Release Date: March 5, 2021

Greenplum Streaming Server 1.5.2 resolves several issues.

Note: You are required to perform upgrade actions for this release. Review Upgrading the Streaming Server to plan your upgrade to GPSS 1.5.2.

Changed Features

Greenplum Streaming Server 1.5.2 includes this change:

  • GPSS omits the end time in its output error hints. Resolved issue 31287 provides more information.

Resolved Issues

Greenplum Streaming Server 1.5.2 resolves these issues:

N/A
Resolves an issue where GPSS logged the message execInsert and err: nil because it did not check for an error before logging.
31287
Resolves an issue where GPSS did not always display the correct end time in the output error hint by removing the end time condition.
177153850
Resolves an issue where a GPSS query returned a syntax error from Greenplum Database because MATCH COLUMNS was empty. GPSS now requires and checks that this field includes at least one column when you submit a load job that specifies UPDATE or MERGE mode.
177133400
Resolves an issue where GPSS stopped a Kafka job unexpectedly and did not return an error when it encountered a batch that contained only a control message.
177077055
Resolves an issue where the --all option was incorrectly displayed in the help output of the gpsscli load command.
177077007
GPSS consumed a large mount of memory caching Kafka messages when it ran many concurrent jobs that read from multiple partitions. This issue is resolved; GPSS now specifies a less aggressive default value for the librdkafka queued.max.messages.kbytes property when the user does not explicitly configure it.
177014072
Resolves an issue where GPSS incorrectly returned the error gpkafka load show job progress fail, err: job progress is nil when it failed to start a Kafka job. GPSS now returns the more meaningful error gpkafka load start job failed in this situation.
176842005
Resolves an issue where GPSS submitted a job with the wrong name when a gpsscli load *.yaml command operated on more than one load job.

Release 1.5.1

Release Date: February 5, 2021

Greenplum Streaming Server 1.5.1 includes changes and resolves issues.

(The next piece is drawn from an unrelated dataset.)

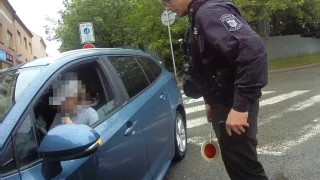Strážníci přijeli na udání, muž bez řidičáku se vydával za někoho jiného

Note: You are required to perform upgrade actions for this release. Review Upgrading the Streaming Server to plan your upgrade to GPSS 1.5.1.

Changed Features

Greenplum Streaming Server 1.5.1 includes these changes:

  • Version 1.5.1 is the first standalone GPSS release that includes a .deb installation package for Ubuntu 18.04 LTS systems.
  • The gpsscli subcommands now consistently return zero (0) on success and non-zero when GPSS encounters an error.
  • GPSS improves the error message that it returns when it encounters a mismatched extension or formatter version.
  • GPSS bundles a patched version of the libserdes library to fix an issue that can arise when the SCHEMA_REGISTRY_ADDRS property value includes a trailing slash. See resolved issue 31137.
  • GPSS now registers the gp_read_persistent_error_log() function when you register the GPSS extension in a database. Resolved issue 31201 provides more information.
  • The progress log file name format has changed; the new format retains the complete job name rather than truncating it to 8 characters.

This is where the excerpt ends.